:: Data listing
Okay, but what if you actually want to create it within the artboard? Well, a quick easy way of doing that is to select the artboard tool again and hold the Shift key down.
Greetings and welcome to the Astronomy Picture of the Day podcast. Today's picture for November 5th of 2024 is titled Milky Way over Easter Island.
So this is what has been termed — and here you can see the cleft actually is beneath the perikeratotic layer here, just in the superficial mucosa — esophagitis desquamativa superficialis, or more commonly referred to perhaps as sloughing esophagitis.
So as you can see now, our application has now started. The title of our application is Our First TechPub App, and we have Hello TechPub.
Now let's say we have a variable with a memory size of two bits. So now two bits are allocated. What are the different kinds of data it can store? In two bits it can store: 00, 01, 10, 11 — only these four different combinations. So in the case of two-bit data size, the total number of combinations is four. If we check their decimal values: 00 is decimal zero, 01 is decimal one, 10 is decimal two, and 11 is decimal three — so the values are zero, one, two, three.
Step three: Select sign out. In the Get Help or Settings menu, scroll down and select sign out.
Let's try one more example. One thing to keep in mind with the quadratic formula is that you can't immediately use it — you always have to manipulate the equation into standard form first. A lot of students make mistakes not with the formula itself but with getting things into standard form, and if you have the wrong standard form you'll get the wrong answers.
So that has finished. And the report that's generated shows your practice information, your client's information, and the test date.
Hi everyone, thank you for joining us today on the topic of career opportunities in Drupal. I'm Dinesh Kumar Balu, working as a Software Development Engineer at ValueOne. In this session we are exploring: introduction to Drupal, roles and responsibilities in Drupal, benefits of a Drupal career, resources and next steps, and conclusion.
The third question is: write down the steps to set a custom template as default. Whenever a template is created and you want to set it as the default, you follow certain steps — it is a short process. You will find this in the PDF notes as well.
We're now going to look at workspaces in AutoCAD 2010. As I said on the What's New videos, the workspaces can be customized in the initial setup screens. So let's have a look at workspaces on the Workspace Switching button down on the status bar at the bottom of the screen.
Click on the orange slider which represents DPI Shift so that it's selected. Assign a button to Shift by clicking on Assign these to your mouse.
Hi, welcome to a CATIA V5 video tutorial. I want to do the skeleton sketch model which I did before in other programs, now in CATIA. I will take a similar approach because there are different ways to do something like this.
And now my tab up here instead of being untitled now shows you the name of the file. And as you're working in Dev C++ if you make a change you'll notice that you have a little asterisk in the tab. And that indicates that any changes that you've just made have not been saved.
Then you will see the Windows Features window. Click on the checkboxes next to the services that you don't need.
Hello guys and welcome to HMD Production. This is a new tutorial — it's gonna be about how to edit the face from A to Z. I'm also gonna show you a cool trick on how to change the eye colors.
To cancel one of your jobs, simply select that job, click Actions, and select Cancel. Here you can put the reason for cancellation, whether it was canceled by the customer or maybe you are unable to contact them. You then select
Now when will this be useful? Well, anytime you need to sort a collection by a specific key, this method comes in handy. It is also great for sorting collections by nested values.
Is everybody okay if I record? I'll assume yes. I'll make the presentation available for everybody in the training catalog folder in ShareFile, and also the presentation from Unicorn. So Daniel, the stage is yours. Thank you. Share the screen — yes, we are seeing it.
::::
What you should do: Lines holding the word "change" in the records above: how many are there? Answer with the number only.

Result of this exercise: 2